2006年に前労働党政権は、ID【身分登録証明】カード法(Identity Card Act 2006)を制定し、国民全員に順次、身分登録証カードを導入する政策を実施した。(CNNニューズ55号では、イギリス労働党政権の「ID【身分登録証明】カード制導入」案を紹介した。参照願いたい。)だが、当時野党であった保守党、さらに自由民主党(LDP)は、政権を奪取した後は、人権侵害のおそれの強いIDカード制を廃止する旨を政権公約としていた(CNNニューズ55号、25頁参照)。

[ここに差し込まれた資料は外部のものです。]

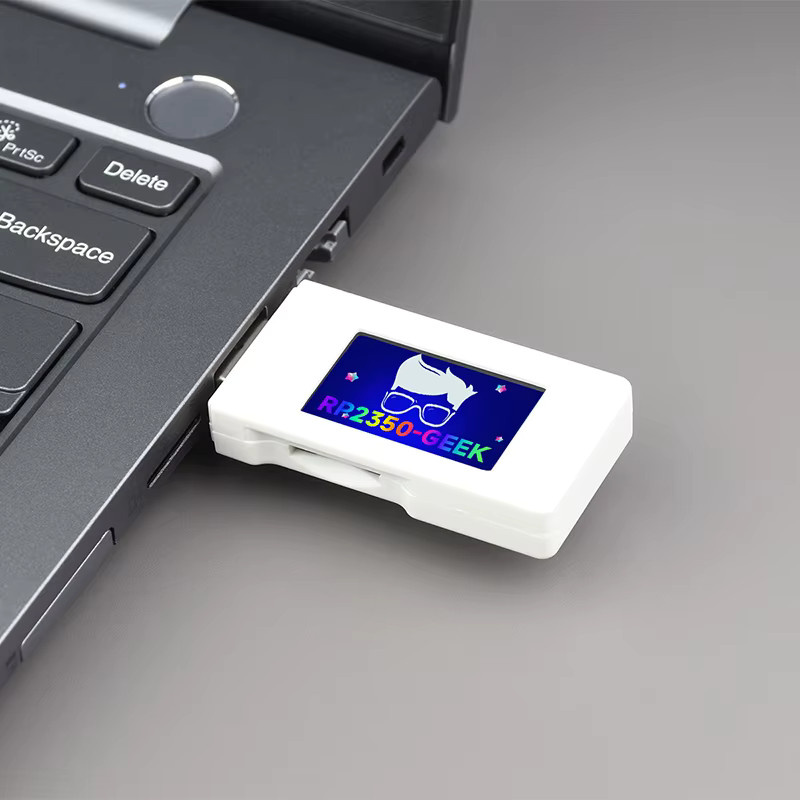 RP2350-GEEK Entwicklungsboard mit 1,14 Zoll 65K Farb-LCD, RP2350 Mikrocontroller, USB-C Debugging Downloader und Kunststoffgehäuse in Weiß - Bild 3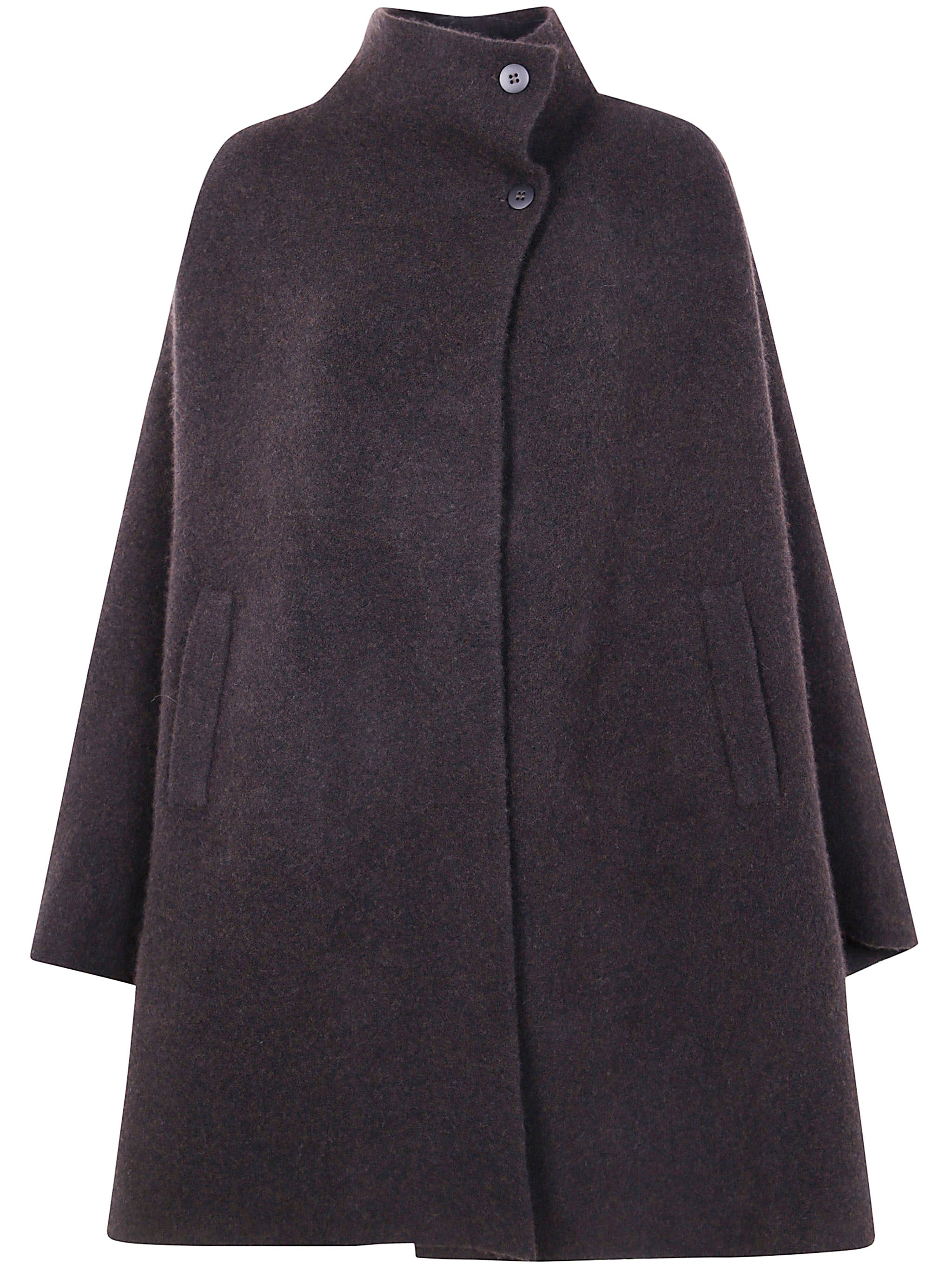 BOBOUTIC Double Breasted Wool Blend Jacket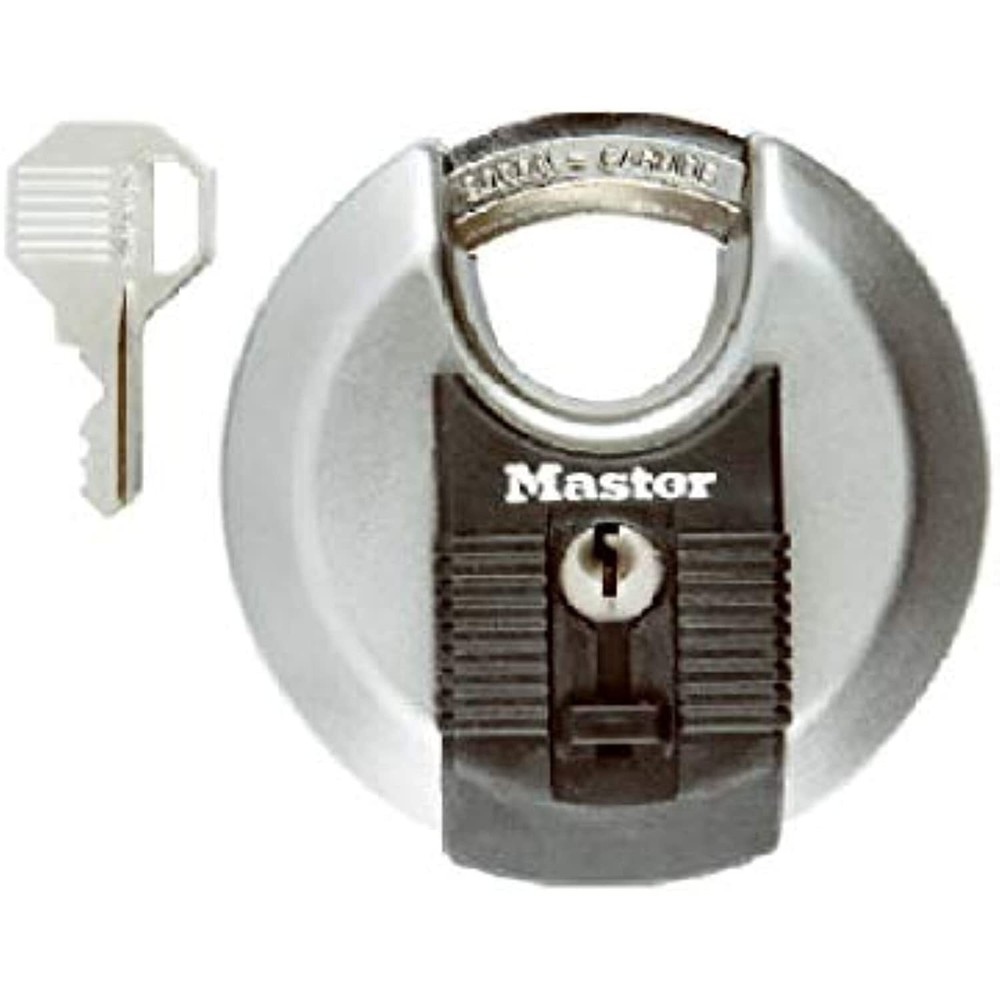 Magnum Disc Lock Keyed Padlock, 3-1/8 In., 80mm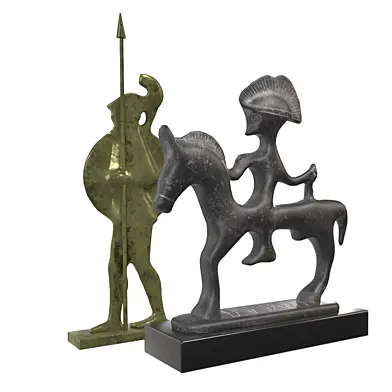 Mid-Century Ancient Warrior Decorative Sculpture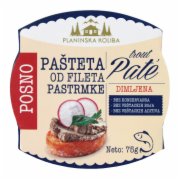 PASTETA OD DIMLJENOG FILETA PASTRMKE 75G PLAN KOLI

今回の下院総選挙で、勝利し、LDPと連立した保守党政権(キャメロン党首・首相)は、5月14日に、DNAデータベースの見直しを含む、「IDカード制の廃止」を言明した。また、監視カメラ(CCTV)の無制限設置に規制をかける方針を打ち出した。その理由は、監視カメラがテロリストや組織暴力の縮小にあまり効果がない。むしろ、人権面でのマイナス効果に配慮する必要があるとの認識に基づく。こうした政策は、LDPの政権公約を大幅に取りえ入れた結果でもある。

翻って、わが国の鳩山政権は、2013年までに国民IDカード【登録証】制を導入するとか。だが、ちょっとマッタ! 民主党は、政権を奪取する以前に4度も住基ネット廃止法案を出したはずだ。

政権奪取後は、豹変し、いまや“共通番号制(国民総背番号制)万歳”、現代版通行手形である“国民IDカード制万歳”だ。・・・・やはり、国民の移動の自由を制限し、人権を蹂躙する政権には、政界から退場願わないといけないのではないか?

今回のイギリスの政権交代、“自由”、“人権”を大事にする新連立政権の誕生を祝したい。